INPUT RECORDS:
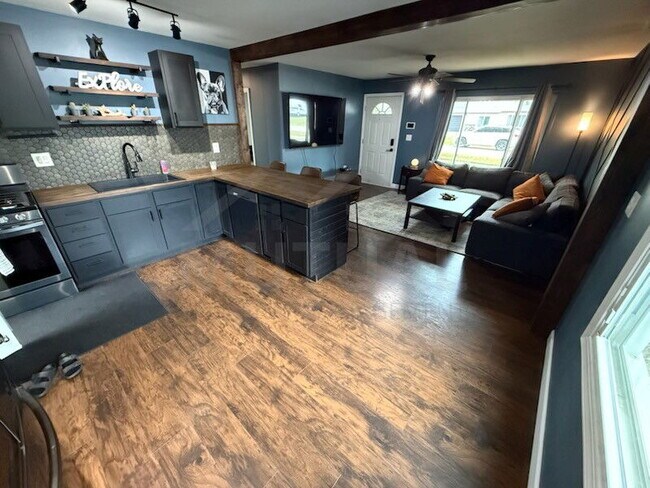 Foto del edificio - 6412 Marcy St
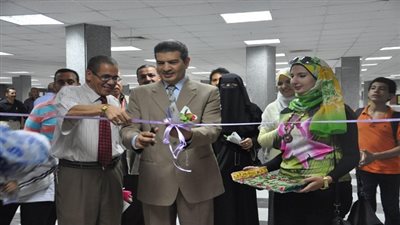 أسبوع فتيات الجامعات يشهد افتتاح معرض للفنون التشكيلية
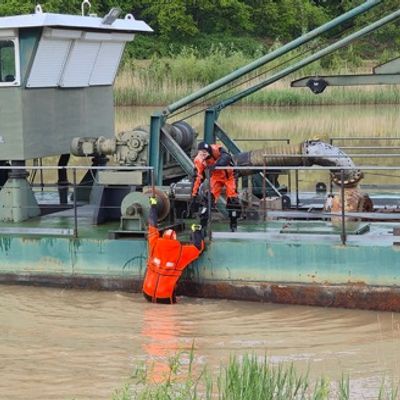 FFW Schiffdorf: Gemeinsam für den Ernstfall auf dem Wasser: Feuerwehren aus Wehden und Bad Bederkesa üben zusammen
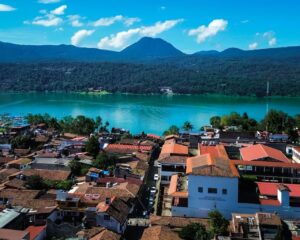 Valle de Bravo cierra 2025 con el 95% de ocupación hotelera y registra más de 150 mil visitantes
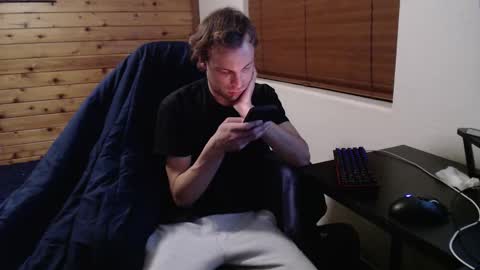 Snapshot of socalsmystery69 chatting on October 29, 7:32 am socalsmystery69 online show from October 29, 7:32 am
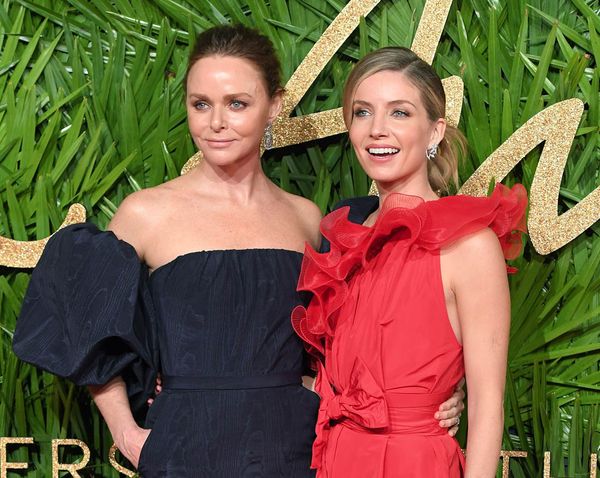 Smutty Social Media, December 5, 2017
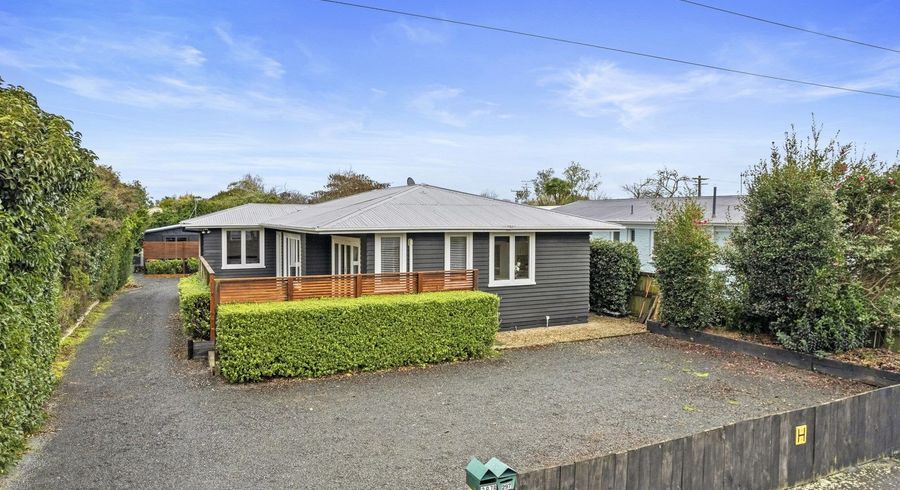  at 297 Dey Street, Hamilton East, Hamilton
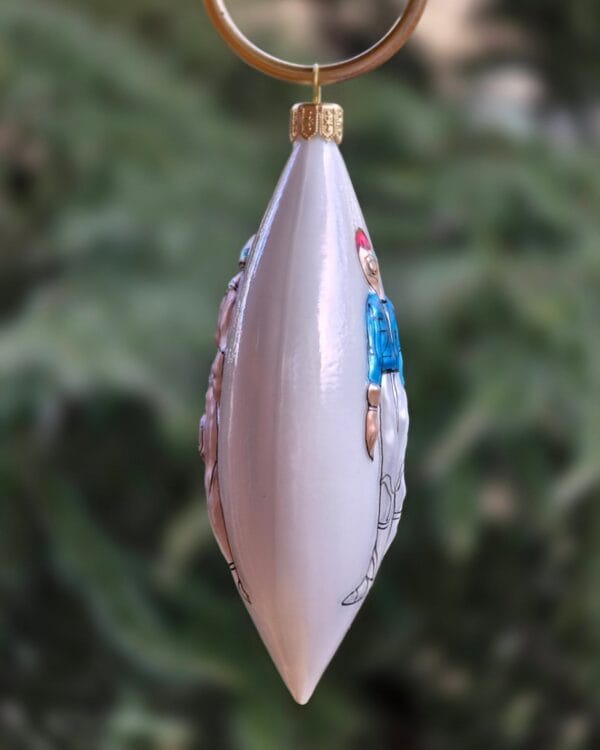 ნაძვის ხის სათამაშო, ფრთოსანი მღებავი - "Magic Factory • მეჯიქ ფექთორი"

DESCRIPTION OF THE TASK:
In the entries above, find the line containing "FFW Schiffdorf: Gemeinsam"; transcribe exactly that line and every line after it through the end, and only those, omitting pictures.

ANSWER SPACE:
 FFW Schiffdorf: Gemeinsam für den Ernstfall auf dem Wasser: Feuerwehren aus Wehden und Bad Bederkesa üben zusammen
 Valle de Bravo cierra 2025 con el 95% de ocupación hotelera y registra más de 150 mil visitantes
 Snapshot of socalsmystery69 chatting on October 29, 7:32 am socalsmystery69 online show from October 29, 7:32 am
 Smutty Social Media, December 5, 2017
  at 297 Dey Street, Hamilton East, Hamilton
 ნაძვის ხის სათამაშო, ფრთოსანი მღებავი - "Magic Factory • მეჯიქ ფექთორი"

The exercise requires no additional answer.